Grammar for DNS Zone Files

Note

It is near impossible to write a clean lexer/grammar for DNS (RFC 1035) zone files. At first it looks like it is easy to make such a beast, but when you start implementing it the details make it messy.

Since as early as NSD 1.4, the parser relies on Bison and Flex, tools for building programs that handle structured input. Compared to the previous implementation there is a slight decrease in speed (10-20%), but as the zone compiler is not critical to the performance of NSD, this not too relevant. The lexer part is located in the file zlexer.lex, the grammar is in zparser.y.

Zone File Lexer

Finding a good grammar and lexer for BIND zone files is rather hard. There are no real keywords and the meaning of most of the strings depends on the position relative to the other strings. An example, the following is a valid SOA record:

$ORIGIN example.org.
    SOA    soa    soa    ( 1 2 3 4 5 6 )

This SOA records means the administrator has an email address of soa@example.org. and the first nameserver is named soa.example.org. Both completely valid. The numbers are of course totally bogus.

Another example would be:

$ORIGIN example.org.
    SOA    soa    soa    ( 1 2 ) ( 3 4 ) ( 5 ) ( 6 )

The parsing of parentheses was also not trivial. Whitespace is also significant in zonefiles. The TAB before SOA has to be returned as previous_domain token by the lexer. Newlines inside parentheses are returned as SPACE which works but required some changes in the definitions of the resource records.

As shown above a simple grep -i for SOA does not do the trick. The lexer takes care of this tricky part by using an extra variable in_rr which is an enum containing: outside, expecting_dname, after_dname, reading_type.

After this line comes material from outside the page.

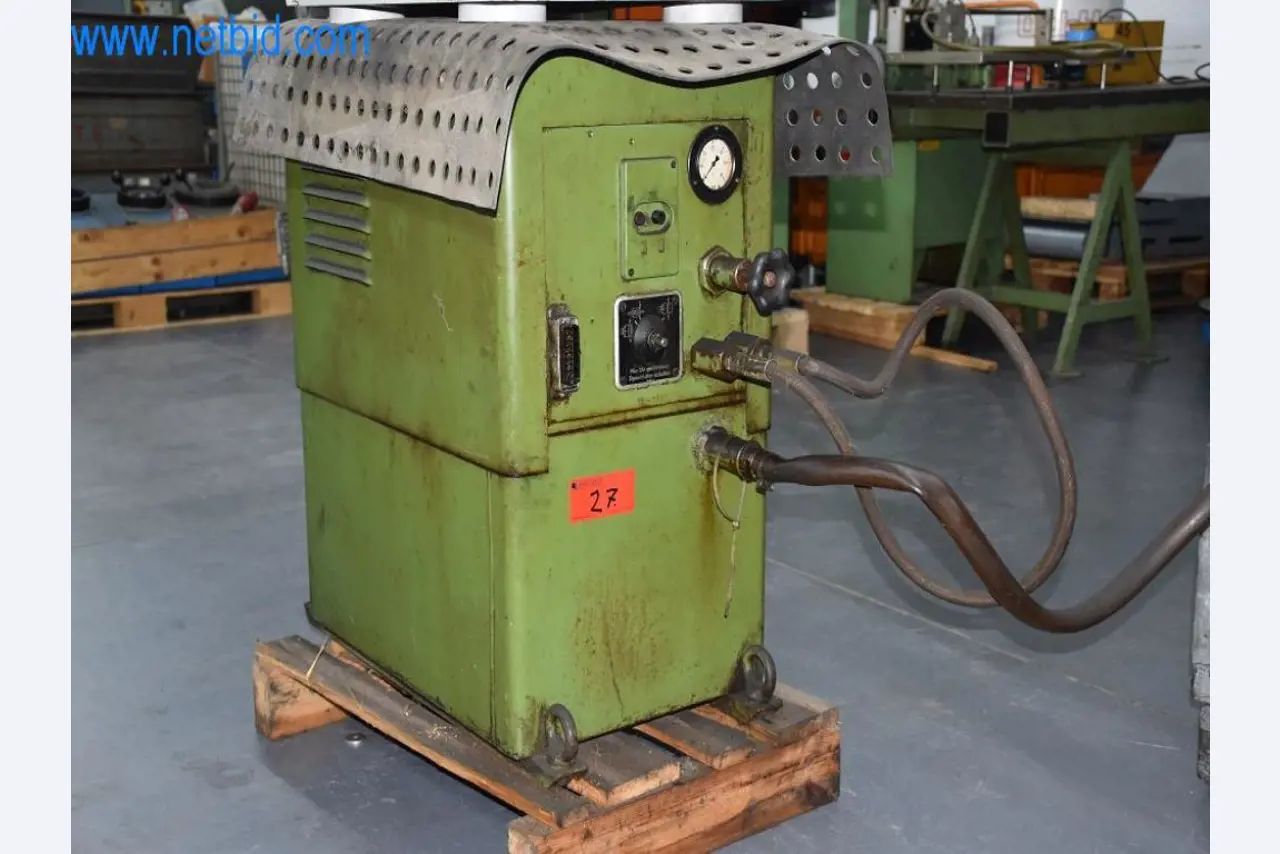 Maszyny, sprzęt operacyjny i akcesoria światowego lidera na rynku systemów napinania łańcuchów stają się dostępne.-1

The semantics are as follows:

  • outside, not in an RR (start of a line or a $-directive);

  • expecting_dname, parse owner name of RR;

  • after_dname, parse ttl, class;

  • reading_type, we expect the RR type now;

With in_rr the lexer can say that in the first example above the first SOA is the actual record type, because it is located after a TAB. After we have found the TAB we set in_rr to after_dname which means we actually are expecting a RR type.

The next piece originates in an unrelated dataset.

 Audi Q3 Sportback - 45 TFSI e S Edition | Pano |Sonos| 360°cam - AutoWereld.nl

Again this is also not trivial because the class (IN) and TTL are also optional, if there are not specified we should substitute the current defaults from the zone we are parsing (this happens in the grammar). A DNS zone file is further complicated by the unknown RR record types.

Zone File Grammar

After the lexer was written the grammar itself is quite clean and nice. The basic idea is that every RR consists of single line (the parentheses are handled in the lexer - so this really is the case). If a line is not a RR it is either a comment, empty or a $-directive. Some $-directives are handled inside the lexer ($INCLUDE) while others ($ORIGIN) must be dealt with inside the grammer.

An RR is defined as:

rr:     ORIGIN SP rrrest

and:

rrrset: classttl rtype

And then we have a whole list of:

rtype: TXT sp rdata_txt
       | DS sp rdata_ds
       | AAAA sp rdata_aaaa

which are then parsed by using the rdata_ rule. Shown here is the one for the SOA:

rdata_soa:  dname sp dname sp STR sp STR sp STR sp STR sp STR trail
    {
        /* convert the soa data */
        zadd_rdata_domain( current_parser, $1); /* prim. ns */
        zadd_rdata_domain( current_parser, $3); /* email */
        zadd_rdata_wireformat( current_parser,  \
                zparser_conv_rdata_period(zone_region, $5.str) ); /* serial */
        zadd_rdata_wireformat( current_parser,  \
                zparser_conv_rdata_period(zone_region, $7.str) ); /* refresh */
        zadd_rdata_wireformat( current_parser,  \
                zparser_conv_rdata_period(zone_region, $9.str) ); /* retry */
        zadd_rdata_wireformat( current_parser,  \
                zparser_conv_rdata_period(zone_region, $11.str) ); /* expire */
        zadd_rdata_wireformat( current_parser,  \
                zparser_conv_rdata_period(zone_region, $13.str) ); /* minimum */

        /* XXX also store the minium in case of no TTL? */
        if ( (current_parser->minimum = zparser_ttl2int($11.str) ) == -1 )
            current_parser->minimum = DEFAULT_TTL;
    };

The semantic actions in the grammer store the RR data for processing by the zone compiler. The resulting database is then used by NSD the serve the data.